Чтобы ответить на эти вопросы, я решил внимательнее вчитаться в то, что сказали эти двое собеседников, какие идеологии и практики стоят за их высказываниями и на какие общественные процессы эти идеологии опираются. Так я лучше смогу представить, что же произошло в помещении ЦВК под камерами «Громадського», почему это стало таким событием для медиа и интеллектуальной элиты.

Сначала я хочу понять, что сказали участники диалога. Я немало удивился высказываниям Павленского. Раньше я не обращал на него внимания (насколько это было возможно), он не особо внятно комментировал свои акции, а сами по себе они были маловразумительными. Поэтому мне пришлось воспользоваться его предыдущим выступлением в ЦВК, которое тоже транслировалось на «Громадському» и было довольно всеобъемлющим описанием его романтического понимания искусства и политики. Не обязательно последовательным описанием, но позволившим мне выделить систему противопоставлений, которыми он пользуется.

Мысль художника движется через систему парадоксальных тождеств. Власть и народ – одно и то же, но власть – это клика силовиков, терроризирующих народ. Народ спит, и в то же время занимается самоконтролем. Художник – это часть народа, и в то же время он может различать системы представлений и выходить за рамки диктата потребностей. Отделение и героизм – это умерщвление, но настоящий проснувшийся народ – это вооруженные повстанцы. В его словах мне слышится совсем не диалектика, а мистическая вера в истинную реальность «по ту сторону системы представлений», к которой имеет доступ лишь тот, кто может различать эти «системы представлений» и сохранять свою личность от диктата потребностей. Я бы назвал это домарксистской радикальной риторикой, избавленной от идеи классовой революции и выраженной языком модных в 90-х переводных пост-марксистских философов.
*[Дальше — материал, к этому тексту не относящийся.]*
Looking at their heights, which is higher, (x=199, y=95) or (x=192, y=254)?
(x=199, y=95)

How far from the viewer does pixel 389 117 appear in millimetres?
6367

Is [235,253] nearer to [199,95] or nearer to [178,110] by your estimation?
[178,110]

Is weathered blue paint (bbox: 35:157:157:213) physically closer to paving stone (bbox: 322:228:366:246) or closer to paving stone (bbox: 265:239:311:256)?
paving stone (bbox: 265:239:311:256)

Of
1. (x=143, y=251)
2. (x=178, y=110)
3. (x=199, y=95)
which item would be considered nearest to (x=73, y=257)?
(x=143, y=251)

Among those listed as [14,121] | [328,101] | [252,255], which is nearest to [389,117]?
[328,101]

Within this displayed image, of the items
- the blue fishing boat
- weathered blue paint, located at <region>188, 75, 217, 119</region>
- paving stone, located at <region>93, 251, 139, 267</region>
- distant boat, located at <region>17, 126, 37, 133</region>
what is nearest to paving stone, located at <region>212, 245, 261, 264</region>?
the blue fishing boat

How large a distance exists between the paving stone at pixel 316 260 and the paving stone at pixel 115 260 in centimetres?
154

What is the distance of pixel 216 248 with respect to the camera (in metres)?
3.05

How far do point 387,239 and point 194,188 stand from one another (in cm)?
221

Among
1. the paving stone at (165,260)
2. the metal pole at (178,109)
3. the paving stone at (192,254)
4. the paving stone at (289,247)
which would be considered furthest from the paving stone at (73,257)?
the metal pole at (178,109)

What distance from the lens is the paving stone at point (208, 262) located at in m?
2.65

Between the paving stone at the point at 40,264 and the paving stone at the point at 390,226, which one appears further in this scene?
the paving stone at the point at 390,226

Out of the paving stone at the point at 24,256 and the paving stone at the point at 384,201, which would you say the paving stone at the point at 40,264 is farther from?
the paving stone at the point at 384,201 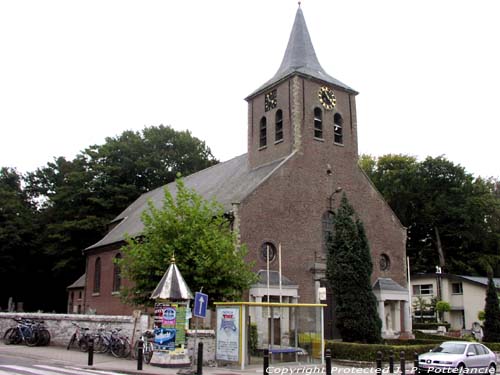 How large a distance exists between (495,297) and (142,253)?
20.3 metres

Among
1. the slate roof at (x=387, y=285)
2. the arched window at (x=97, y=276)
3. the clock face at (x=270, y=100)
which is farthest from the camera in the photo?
the arched window at (x=97, y=276)

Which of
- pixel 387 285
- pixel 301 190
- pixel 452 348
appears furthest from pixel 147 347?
pixel 387 285

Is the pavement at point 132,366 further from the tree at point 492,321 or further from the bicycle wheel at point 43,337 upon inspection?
the tree at point 492,321

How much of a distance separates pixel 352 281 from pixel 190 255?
7.85 meters

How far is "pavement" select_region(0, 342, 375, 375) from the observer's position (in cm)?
1683

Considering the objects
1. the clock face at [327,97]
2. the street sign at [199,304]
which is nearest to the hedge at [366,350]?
the street sign at [199,304]

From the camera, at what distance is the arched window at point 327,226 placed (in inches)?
1199

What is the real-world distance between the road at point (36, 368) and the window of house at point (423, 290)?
40.0 m

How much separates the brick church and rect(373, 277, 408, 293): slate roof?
0.26 feet

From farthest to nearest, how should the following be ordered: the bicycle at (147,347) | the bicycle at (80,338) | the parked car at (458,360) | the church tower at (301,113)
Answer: the church tower at (301,113) < the bicycle at (80,338) < the bicycle at (147,347) < the parked car at (458,360)

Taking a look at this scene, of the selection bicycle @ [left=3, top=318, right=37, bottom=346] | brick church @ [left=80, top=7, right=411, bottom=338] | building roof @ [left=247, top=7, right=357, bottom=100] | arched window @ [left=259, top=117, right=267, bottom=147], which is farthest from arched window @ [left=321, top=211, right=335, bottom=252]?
bicycle @ [left=3, top=318, right=37, bottom=346]

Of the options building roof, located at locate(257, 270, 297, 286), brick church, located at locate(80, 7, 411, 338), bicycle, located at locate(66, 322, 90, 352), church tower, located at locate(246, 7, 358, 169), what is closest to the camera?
bicycle, located at locate(66, 322, 90, 352)

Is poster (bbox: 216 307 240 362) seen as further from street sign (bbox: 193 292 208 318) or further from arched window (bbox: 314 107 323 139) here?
arched window (bbox: 314 107 323 139)

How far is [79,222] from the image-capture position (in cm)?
4894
Перед тем, как детальнее разобрать спонтанную философию Павленского, я советую вспомнить его единственную неметафорическую акцию «Свобода». 23 февраля 2014 года в Петербурге группа художников устроила реконструкцию Майдана длительностью в 20 минут. На мост привезли автомобильные покрышки, бензин, металлические листы, палки, черный анархистский и украинский государственный флаг. Флаги правого сектора и политических партий, которые на настоящем Майдане были намного более представлены, чем анархистские черные (таких были единицы), здесь отсутствовали. Художники возвели баррикаду из покрышек и подожгли ее. По листам били палками, имитируя звуки Майдана. Это происходило возле храма Спаса-на-Крови, где в 1881 году народовольцы совершили успешное покушение на Александра II. В объяснение акции художники писали: «Горящие покрышки, флаги Украины, чёрные флаги и грохот ударов по железу — это песня освобождения и революции. Майдан необратимо распространяется и проникает в сердце Империи. Борьба с имперским шовинизмом продолжается; храм Спаса-на-Крови — это место, где народовольцы совершили успешное покушение на императора, жестоко расправлявшегося с освободительными восстаниями в Правобережной Украине, Польше, Литве и Белоруссии. Мы боремся за нашу и вашу свободу. В этот день, когда государство призывает праздновать день защитника отечества — мы призываем всех встать на праздник Майдана и защиту своей свободы. Мосты горят и назад дороги уже нет».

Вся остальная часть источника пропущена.